Saran semacam itu sudah jadi makanan sehari-hari. Kadang orang juga bilang “Kak kenapa gak coba gambar digital aja? Soalnya sekarang digital gitu laku banget loh” “Kak cobain krayon A deh atoga yang merk B pasti nanti makin mantep gambarnya” “Kak menurutku spidol kakak kurang pigmented, coba deh merk C ada offline storenya kok di mall deket situ”
Fyuh, gimana yaa walaupun aku sekolah di sekolah sultan bukan berarti aku juga sultan seperti mereka. Aku masuk ke sini gratis, hanya bayar seragam sama buku aja karena kebetulan bapakku kerja jadi tukang cuci piring di bagian dapur. Boro-boro mau pakai alat gambar bermerek, bisa bayar seragam dan buku aja sudah alhamdulillah. Boro-boro mau gambar digital, laptop dan smartphone aja gak punya, biasanya aku ke warnet untuk cari referensi art.
Sedih sih, karena finansial itulah yang bikin aku kesulitan bersaing di perlombaan. Karena bakat itu adalah hal yang sudah dibawa sejak lahir tapi harus tetap diasah. Tetap perlu fasilitas. Dan aku ini termasuk anak yang berjuang mengasah bakat dengan fasilitas seadanya, semampunya, tapi mau latihan bagaimanapun tetap aja akan kalah sama yang pakai crayon branded dan yang pakai iPad atau pentablet. Bener kan?
Tapi mau dengan keadaan bagaimanapun, aku sudah berjanji kepada diri sendiri untuk selalu menjadi Talent Fighter. Kekurangan inilah yang membuat aku gak bisa lengah sama yang namanya nilai. Ketidakpunyaan inilah yang bikin aku peduli sama ranking.

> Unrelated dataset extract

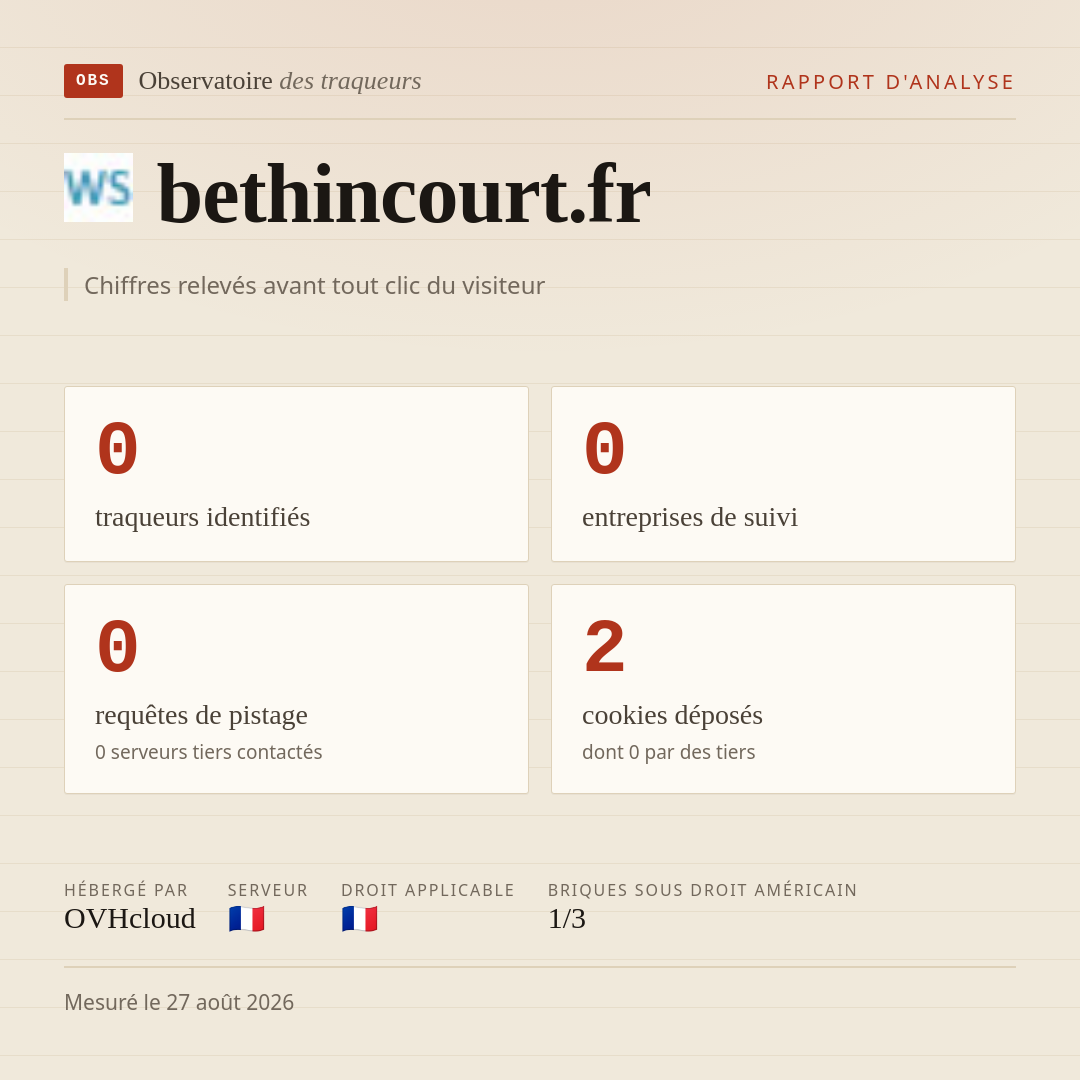 bethincourt.fr : 0 traqueurs identifiés, 0 entreprises de suivi, 0 requêtes de pistage. Chiffres relevés avant tout clic du visiteur.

Aku rela berjuang mati-matian agar nantinya bisa diterima di universitas negeri, supaya aku bisa menggunakan fasilitasnya dengan semaksimal mungkin untuk bisa terus mengembangkan bakatku agar gak kalah lagi sama yang berfasilitas.
Sekarang aku kelas 12 semester 1. Lagi berjuang nabung dengan penghasilan jualan hand lettering supaya bisa beli laptop untuk kuliah. Do’a kan ya teman-teman, hehe.